A key finding of our study was the protective effect of booster doses, with second and third doses reducing infection risk by nearly six times. This aligns with research showing that booster doses significantly enhance neutralizing antibody titers, providing longer-lasting immunity (35). The strong protective effect of receiving two or more doses is consistent with meta-analyses showing that second doses increase vaccine effectiveness from 71% to over 90% across platforms (30). However, our results differ from studies on mRNA booster effects, which showed stronger immune activation with mRNA vaccines compared to viral vector or inactivated virus-based vaccines (36). Given that mRNA vaccines were not widely administered in Iran, the durability of immunity observed in our cohort may differ from populations with higher mRNA booster uptake.
5.1. Conclusions
The study investigated how factors such as age, occupation, history of COVID-19 infection, underlying diseases, and post-vaccine complications influenced vaccine choice and infection risk among residents of Bam city, Iran. Among key findings, individuals who received the AstraZeneca vaccine had a 30% lower likelihood of contracting COVID-19 compared to those who received Sinopharm, although the result was not statistically significant. Conversely, those vaccinated with Sputnik, Barkat, and Bharat had higher odds of infection. Booster doses, especially second and third shots, significantly reduced the risk of contracting the virus by nearly six times.
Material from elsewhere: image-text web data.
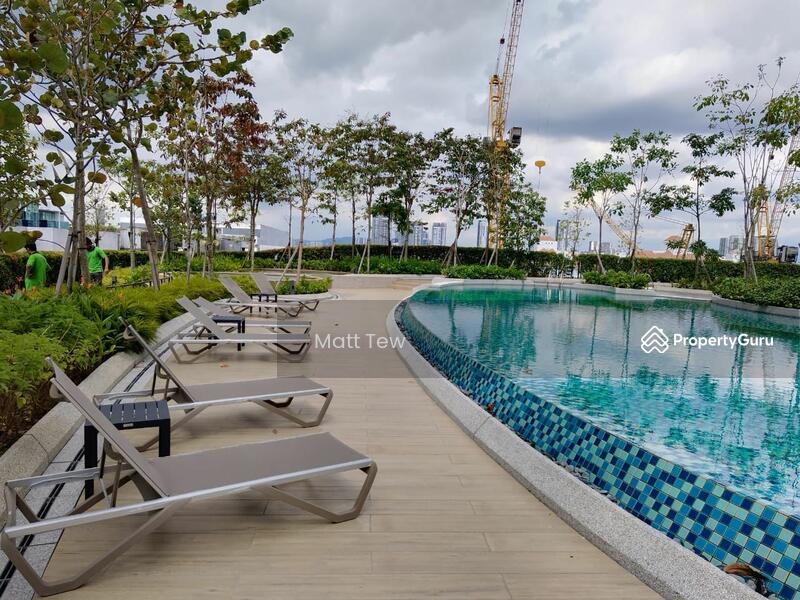 For Rent - The Goodwood Residence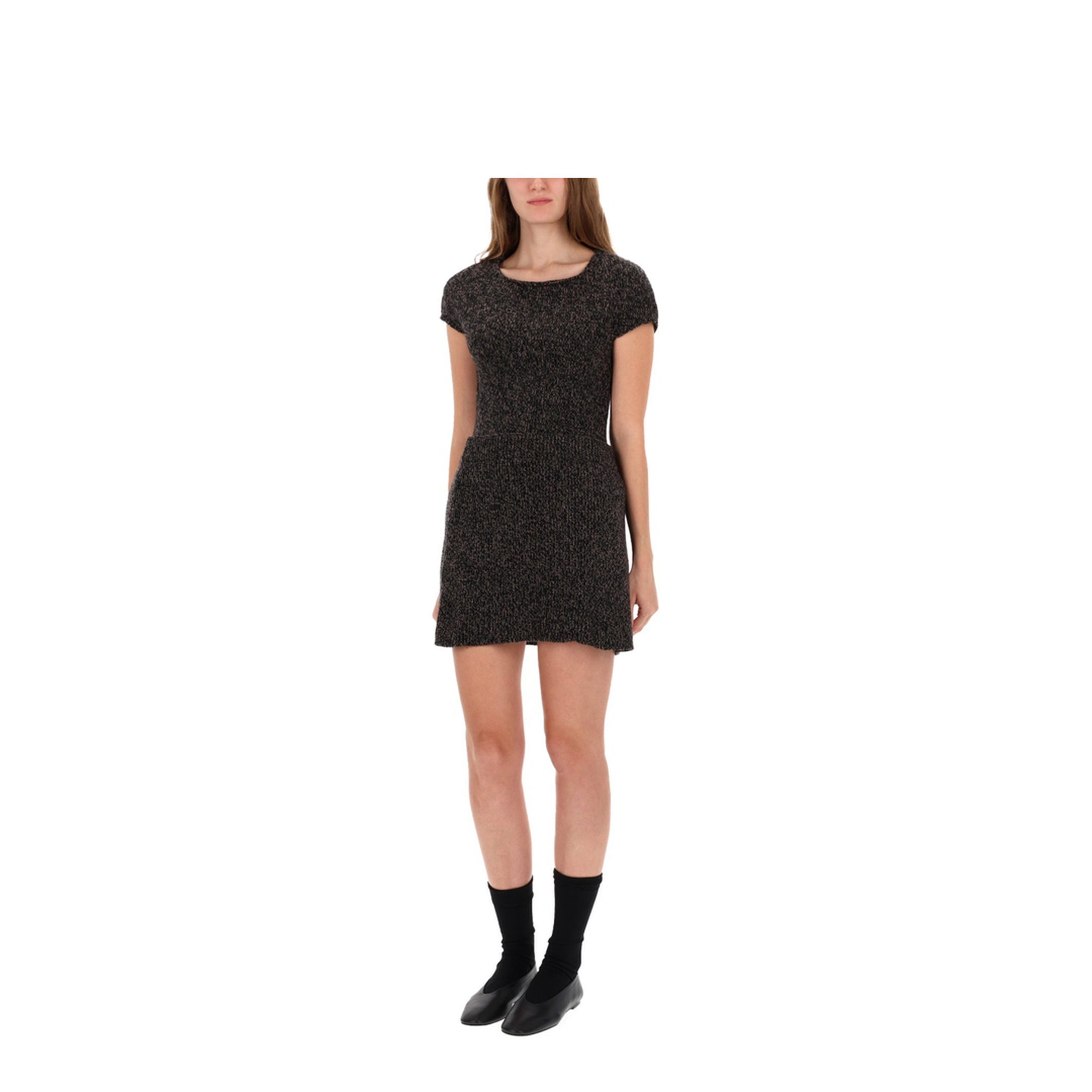 Sculpt Skirt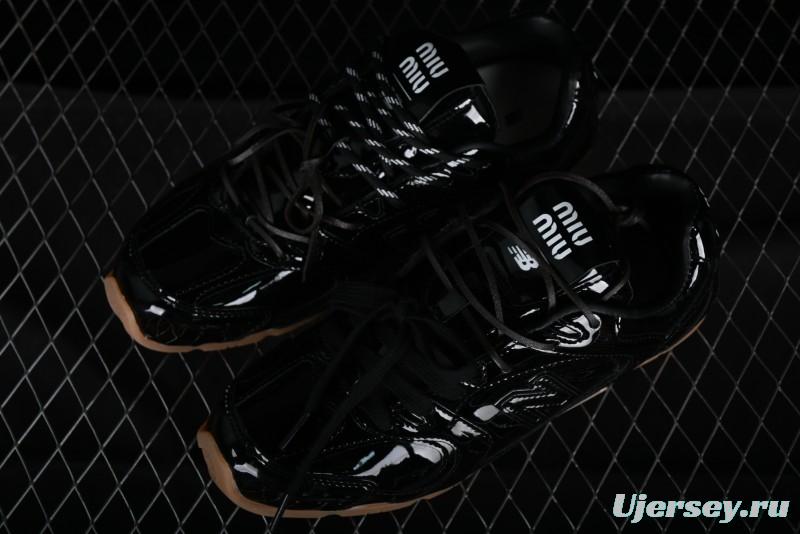 MiuMiu x New Balance 530 Low-Top Classic Retro Casual Running Shoes - 530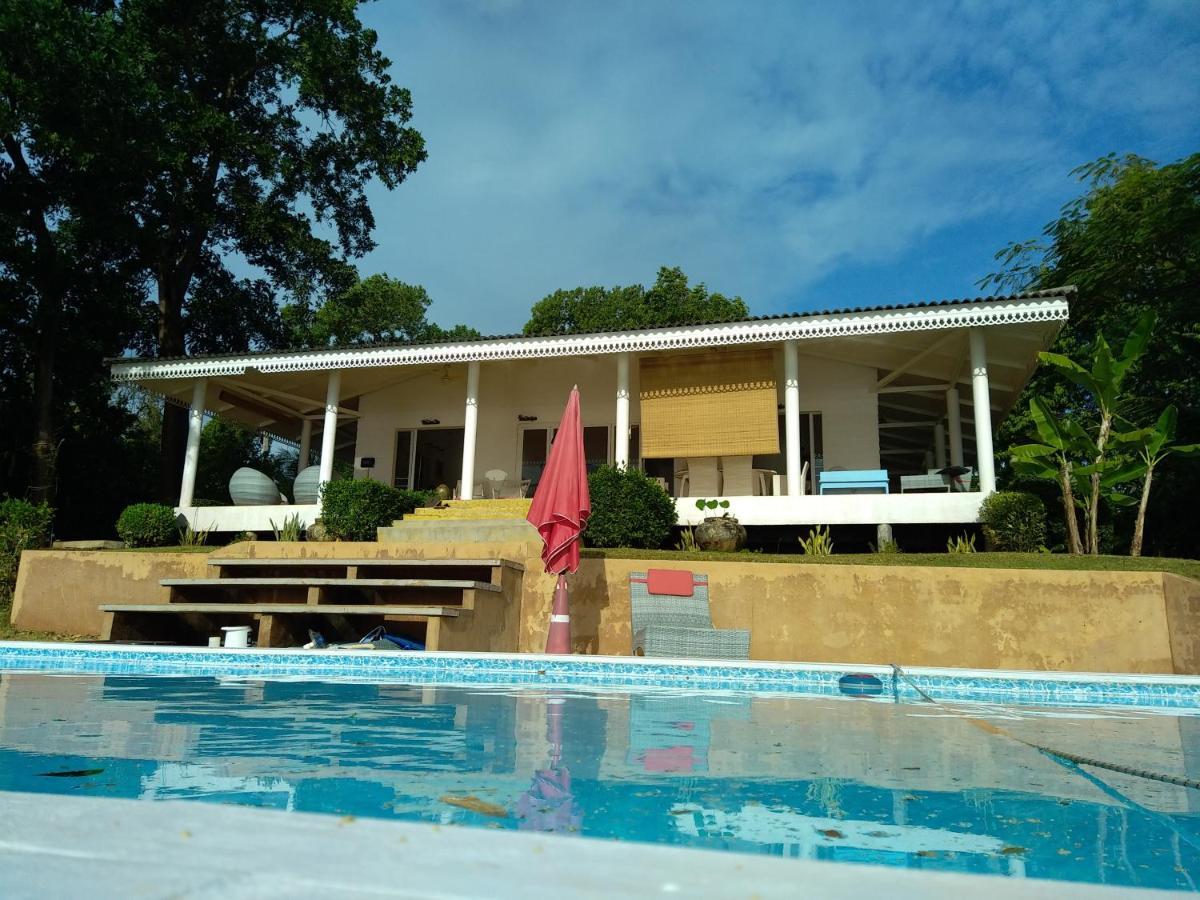 Baan Zourite Seaview Villa Koh Mak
Other influential determinants included education level, with individuals holding associate degrees more likely to opt for vaccines like Soberana, and medical professionals showing strong preferences for Sputnik and Bharat due to early allocation phases. For stronger future outcomes, the study recommends conducting serological testing to accurately assess immunity, designing longitudinal cohort studies to monitor long-term vaccine effectiveness, investigating behavioral causes of vaccine hesitancy, such as misinformation and healthcare trust, and implementing equitable vaccine distribution policies like subsidized programs and community outreach. These strategies aim to enhance scientific transparency, foster public trust, and improve booster dose adherence to mitigate hesitancy and strengthen pandemic resilience.
5.2. Limitations
While our models suggest strong associations, it is important to emphasize the limitations of a cross-sectional design, which prevents causal inference. Several confounding factors, including variations in exposure risk, preexisting immunity, and behavioral differences, may explain why some vaccines appeared to have different infection rates. Additional limitations include:
1. Recall bias: Self-reported data on infection history and vaccine side effects may be subject to memory distortions, affecting accuracy.
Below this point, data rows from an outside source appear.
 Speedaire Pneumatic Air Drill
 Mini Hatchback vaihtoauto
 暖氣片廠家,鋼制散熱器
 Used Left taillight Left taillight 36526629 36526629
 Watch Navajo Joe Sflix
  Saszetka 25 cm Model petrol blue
2. Selection bias: The cluster sampling method may have overrepresented specific demographic subgroups, limiting generalizability.
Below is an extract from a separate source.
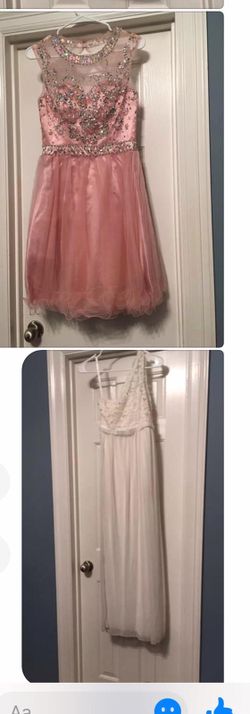 Prom dresses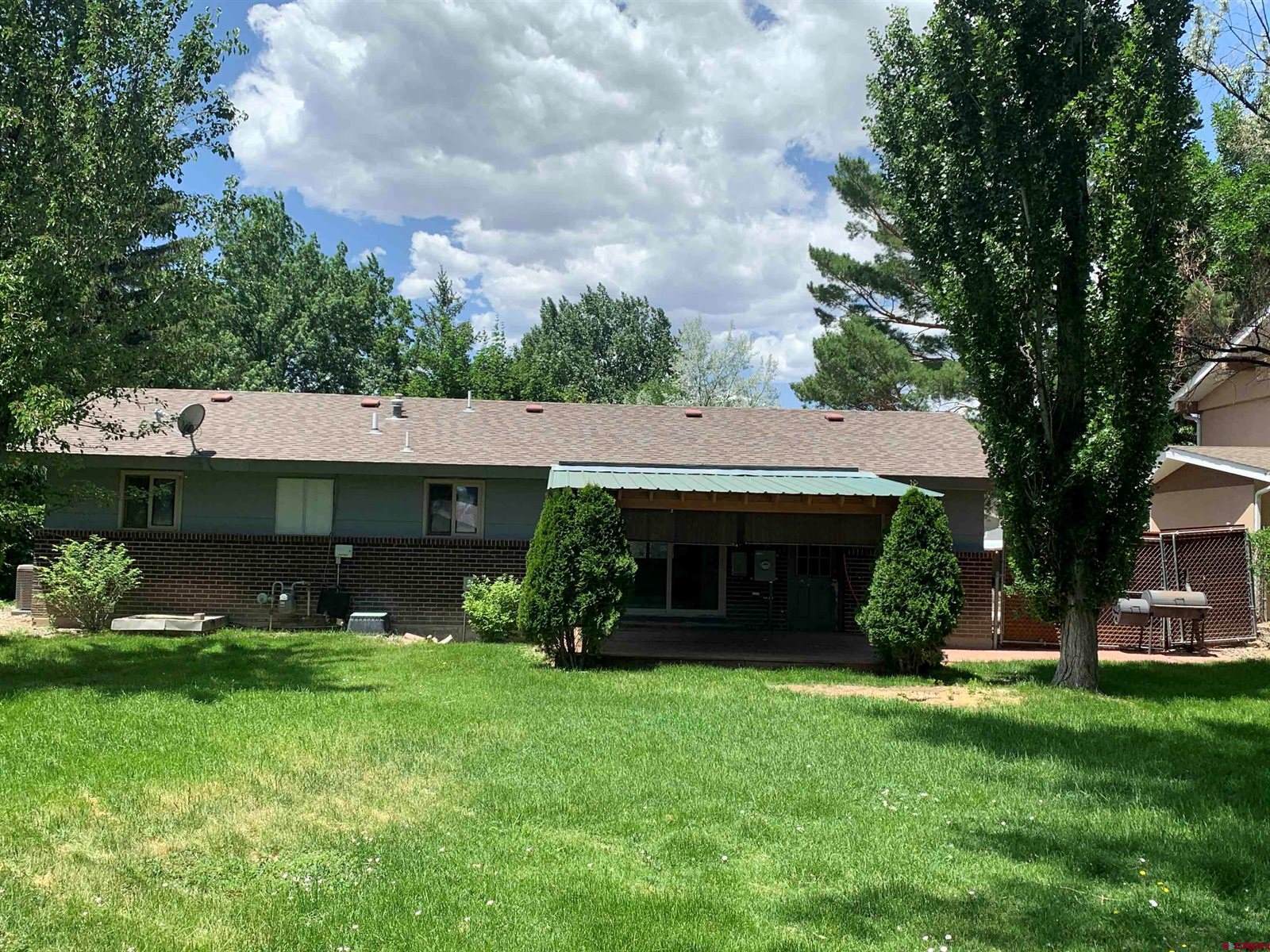 1205 Dover Road, Montrose, CO 81401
3. Absence of serological validation: The study did not measure antibody titers or cellular immune responses, restricting conclusions regarding immunogenicity differences. Future research should include serological testing for a more precise assessment.
4. Vaccine availability constraints: Early vaccination phases were dictated by government allocation policies, limiting the ability to analyze true vaccine preference in a free-choice scenario.